A framework for integrating directed and undirected annotations to build explanatory models of cis-eQTL data
Fig 1
Illustration of BAGEA model components.
(A) The core components of the BAGEA model in the summary statistics formulation. Observed variables are in squares while estimated variables are circled. Given are zj, the eQTL z-scores for gene j, as well as the LD matrix Σj, defining the correlation between summary statistics. Further, z-scores are influenced by the true eQTL effects bj. These effects in turn depend on directed and undirected annotations, Vj and Fj respectively. While undirected annotations can cover regions of any size, directed annotation have the same size as the genomic variants themselves. The impact of annotations on bj is estimated from the data via ω and ν. (B) An example of the modeling of different priors of elements of ω using meta-annotations via υ variable vectors.
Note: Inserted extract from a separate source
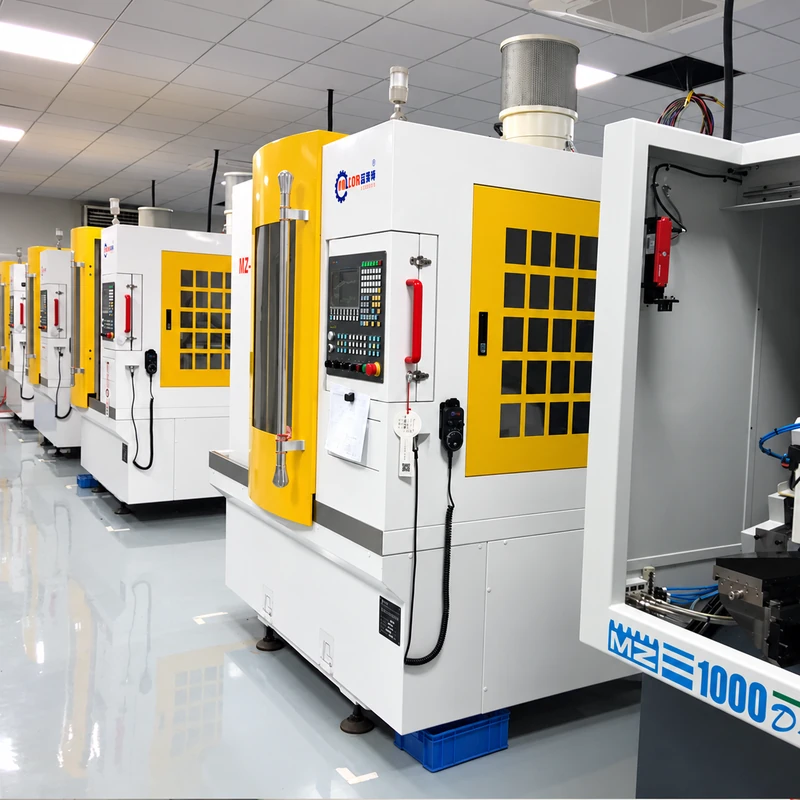 CNC gear hobbing workshop for custom precision gear production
We assume that directed annotations are available for nine annotations, which were derived from tissues Liver, Blood and Brain via 3 assay types DHS, H3K27ac and H3K4me3. It is reasonable to assume that for a given eQTL study, particular tissues or cell types are more relevant than others. We model this by introducing a variable υ for each tissue (or cell type) that affects the prior distribution of only those elements of ω that are derived from this tissue, e.g. υLiver only affects elements of ω tied to experiments performed in liver. We model different priors for various for assay types analogously. Shown is the resulting network of influences of the variable υtissue, υassay on ω. (We used the actual group names as indices, while in the main text, elements of υ’s and ω are indexed by natural numbers).